Villains by Necessity

Last month I talked about what makes a great hero. This month I decided to look at the other side of the coin. What makes a really memorable villain?

If the hero’s job is to give you somebody to root for, to invest in, then the villains job is to provide the motivation for that hero. The villain drives the story. Without a villain, our hero has no chance to show his growth, his virtues, his strengths. He has no obstacle to overcome, no wrongs to right, no murder to solve, no world to save, no kidnapped children to rescue, no family to avenge.

Without a villain, there is simply no story.

In addition to the essential function of providing a conflict, the villain also sets the tone and the stakes.

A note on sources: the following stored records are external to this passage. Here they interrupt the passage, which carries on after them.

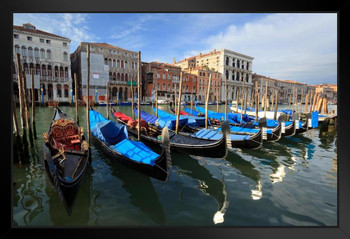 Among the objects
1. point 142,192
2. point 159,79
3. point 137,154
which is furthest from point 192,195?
point 159,79

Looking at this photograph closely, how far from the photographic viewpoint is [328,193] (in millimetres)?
3586

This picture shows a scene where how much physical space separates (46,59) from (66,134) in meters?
23.1

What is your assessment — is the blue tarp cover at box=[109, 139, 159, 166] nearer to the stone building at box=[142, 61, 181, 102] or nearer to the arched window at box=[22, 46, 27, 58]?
the arched window at box=[22, 46, 27, 58]

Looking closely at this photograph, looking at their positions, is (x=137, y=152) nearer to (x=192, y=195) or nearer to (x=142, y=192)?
(x=142, y=192)

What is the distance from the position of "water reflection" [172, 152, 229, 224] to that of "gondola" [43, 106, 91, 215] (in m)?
2.09

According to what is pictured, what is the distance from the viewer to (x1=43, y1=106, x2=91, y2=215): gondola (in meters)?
2.42

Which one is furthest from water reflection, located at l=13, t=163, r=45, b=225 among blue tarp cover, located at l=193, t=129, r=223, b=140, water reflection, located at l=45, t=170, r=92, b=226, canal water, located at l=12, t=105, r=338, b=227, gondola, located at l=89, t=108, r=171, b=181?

How violent and dark the story is, or how light-hearted and funny, all hinge on the villain. If the villain is the hero’s rival in a romantic comedy, it will be a very different story than if the villain is a Gestapo officer hunting the hero. The villain might be the opposing attorney, trying to convict an innocent man. That’s bad, but it’s not Sauron or Voldemort bad.

Are the stakes who gets to be employee of the month or head of the PTA, or the survival the world?

Likewise, the tone of the story is dictated by many things, but by none so much as the villain’s behavior. How far will he or she go to obtain his or her goal? Is the antagonist a professional rival who will fight hard against the hero, but fairly? Or will he cheat? Will she destroy evidence? Blackmail or intimidate officials or witnesses? Torture suspects? Exterminate villages? Destroy a planet? Is he a cold, unyielding tool of the State, enforcing draconian laws, or a moustache-twirling caricature tying innocents to the railroad tracks?

This will also help to decide how far the hero should go to oppose the villain. How hard our protagonist is willing to bend the rules, and what that does to both the reader’s opinion of him, and his own, are heavily influenced by the forces stacked against him, the focus of which should be our villain.

The final job of the villain, and the one that makes us remember the great ones, is the villain’s relationship to the hero. The best villains have a chemistry with the hero. It’s just as important as the relationship between the hero and a love interest or a partner in crime. The best protagonist/antagonist pairs push one another’s buttons, get under one another’s skin. They get invested in one another. This isn’t just another case to be tried or race to be run, or even a battle to be fought. This is personal.

So while it is the function of the hero to carry the reader through the story, it is the villain that gives the hero a story through which to carry us.